The user should also note the basic window deactivation and activation which occurs when
the mouse is clicked outside, and then inside the window.
The program may be terminated by a click in the window's go-away box.
The general "flow" of the program is illustrated in the flow chart at Fig 4.
#define
rWindowResource establishes a constant for the ID of the 'WIND' resource.
The remaining two lines define two common macros. The first converts the top and left
fields of a Rect to a Point. The second converts the bottom and right field of a Rect to
a Point.
Global Variables
The global variable gDone controls the termination of the main event loop and thus of the
program. gInBackground will be set to true when the application is about to move to the
background and to false when the application returns to the foreground. gCursorRegionHdl
will be assigned the handle to a region to be passed in the mouseRgn parameter of the
WaitNextEvent function.
main
The main function calls the application-defined functions for initialising the system
software managers and creating the window. It then calls the function containing the
main event loop.
doInitManagers
doInitManagers is the standard system software managers initialisation function which
will be used in all demonstration programs.
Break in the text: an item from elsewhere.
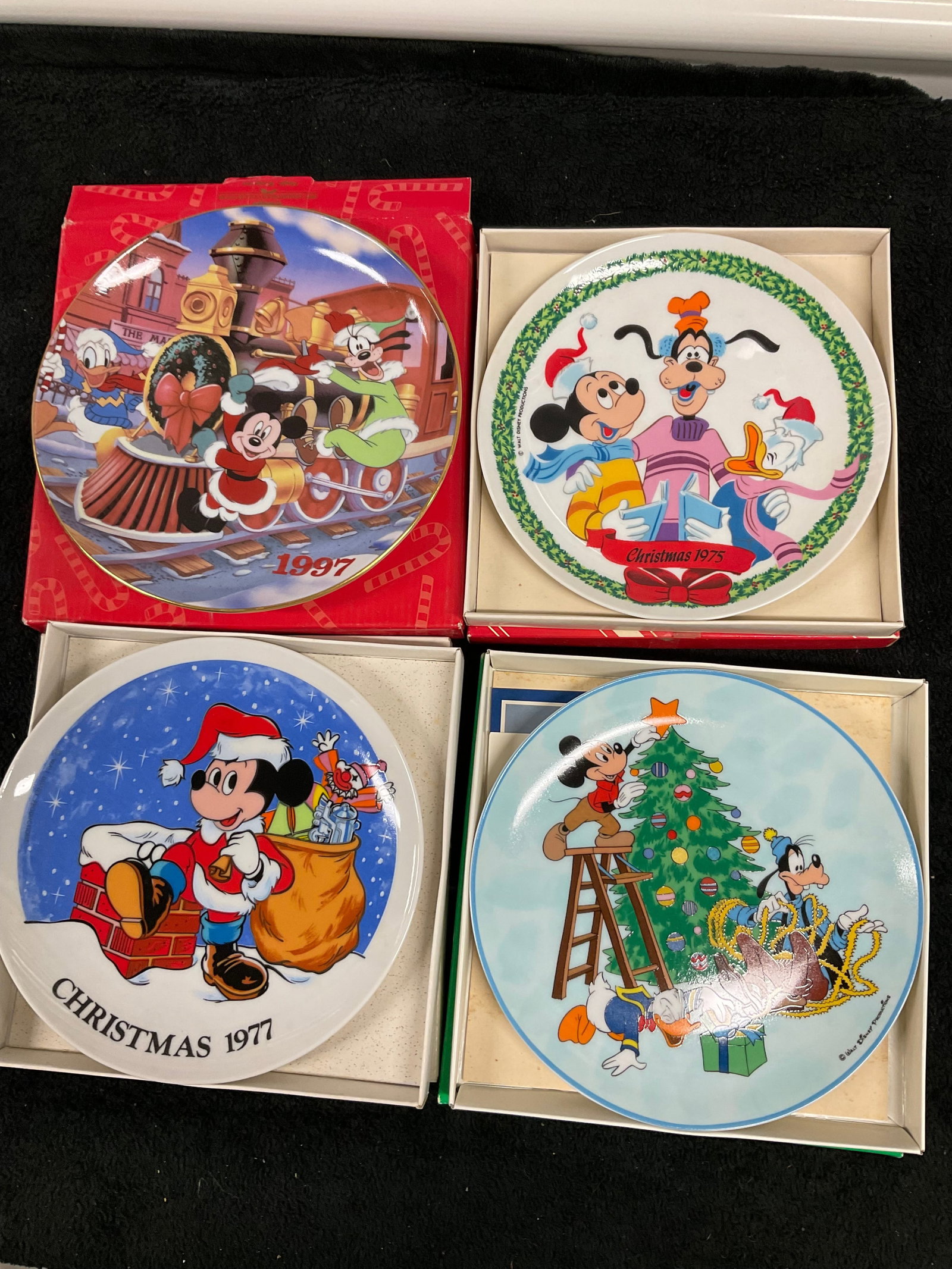 lot of vintage disney collector character and other plates: lot of vintage disney collector character and other plates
Note that the call to FlushEvents at has now been added to this function. FlushEvents
empties the Operating System event queue of any low-level events left unprocessed by
another application, for example, any mouse-down or keyboard events that the user may
have entered while this program was being launched.
doNewWindow
The function doNewWindow opens the window in which the types of low-level and Operating
System events will be printed as they occur. The 'WIND' resource passed as the first
parameter specifies that the window has a go-away box and a title (drag) bar. The
window's graphics port is set as the current port for drawing and the text size is set to
10 points.
eventLoop
eventLoop is the main event loop.
The global variable gDone is set to false before the event loop is entered. This
variable will be set to true when the user clicks on the window's go-away box. The event
loop (the while loop) terminates when gDone is set to true.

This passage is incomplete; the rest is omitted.